- **Record excerpts**
^^^^^^^^
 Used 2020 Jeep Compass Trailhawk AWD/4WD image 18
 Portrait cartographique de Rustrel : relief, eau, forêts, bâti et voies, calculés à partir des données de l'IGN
^^^^^^^^
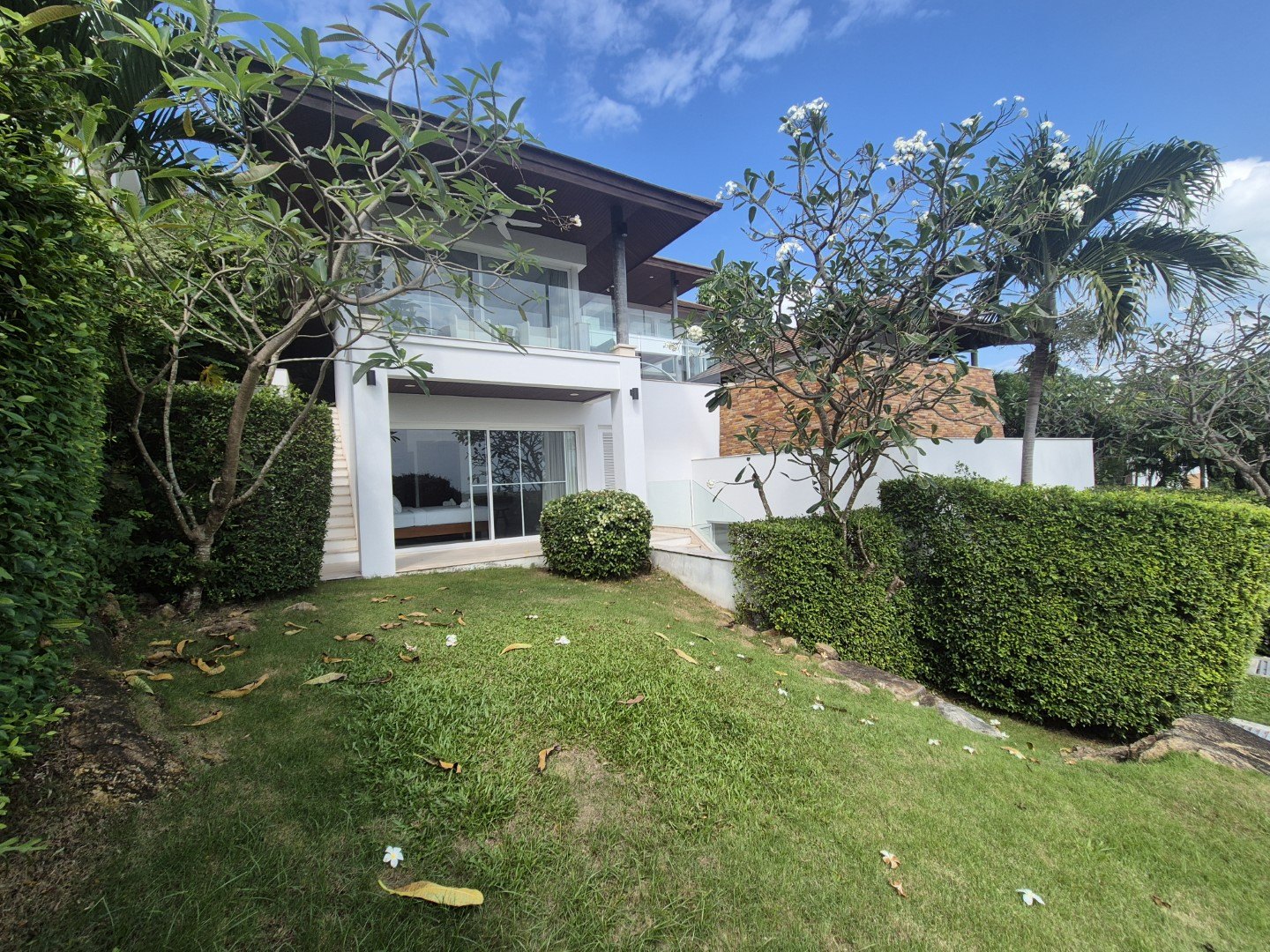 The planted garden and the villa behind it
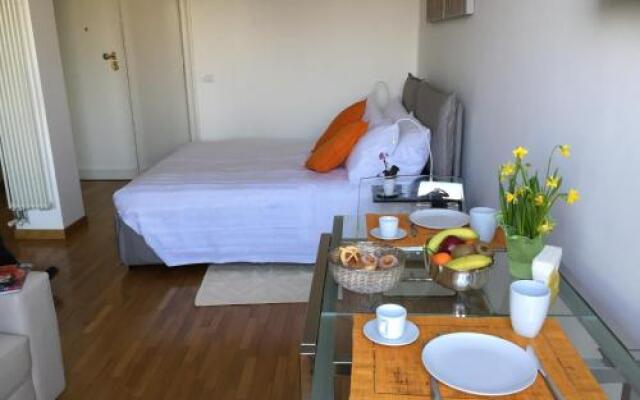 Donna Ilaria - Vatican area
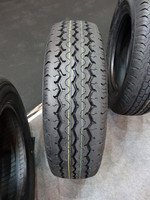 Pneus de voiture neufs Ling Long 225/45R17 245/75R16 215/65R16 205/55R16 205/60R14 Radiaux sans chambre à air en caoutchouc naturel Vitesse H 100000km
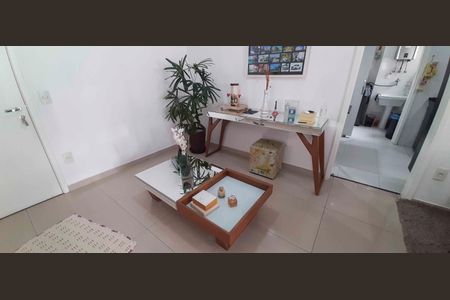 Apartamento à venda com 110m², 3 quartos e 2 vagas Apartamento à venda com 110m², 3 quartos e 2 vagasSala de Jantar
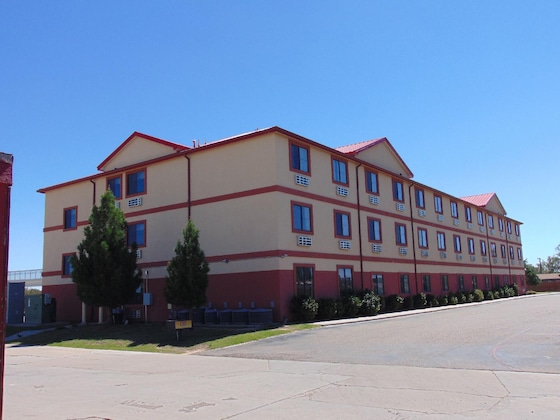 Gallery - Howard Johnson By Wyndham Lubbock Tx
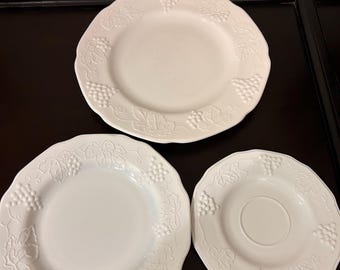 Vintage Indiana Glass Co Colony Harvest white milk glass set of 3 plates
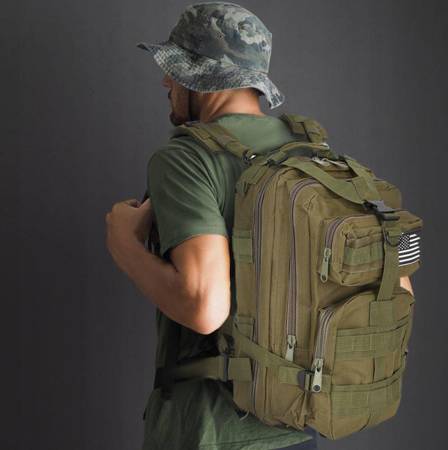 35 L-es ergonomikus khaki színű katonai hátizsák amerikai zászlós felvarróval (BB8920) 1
^^^^^^^^
- **Exercise details**
With the pictures removed, print only the lines starting at the line that has "The planted garden and the villa behind it" and ending at the line that has "35 L-es ergonomikus", both ends included, exactly as they stand above.

- **Your solution**
 The planted garden and the villa behind it
 Donna Ilaria - Vatican area
 Pneus de voiture neufs Ling Long 225/45R17 245/75R16 215/65R16 205/55R16 205/60R14 Radiaux sans chambre à air en caoutchouc naturel Vitesse H 100000km
 Apartamento à venda com 110m², 3 quartos e 2 vagas Apartamento à venda com 110m², 3 quartos e 2 vagasSala de Jantar
 Gallery - Howard Johnson By Wyndham Lubbock Tx
 Vintage Indiana Glass Co Colony Harvest white milk glass set of 3 plates
 35 L-es ergonomikus khaki színű katonai hátizsák amerikai zászlós felvarróval (BB8920) 1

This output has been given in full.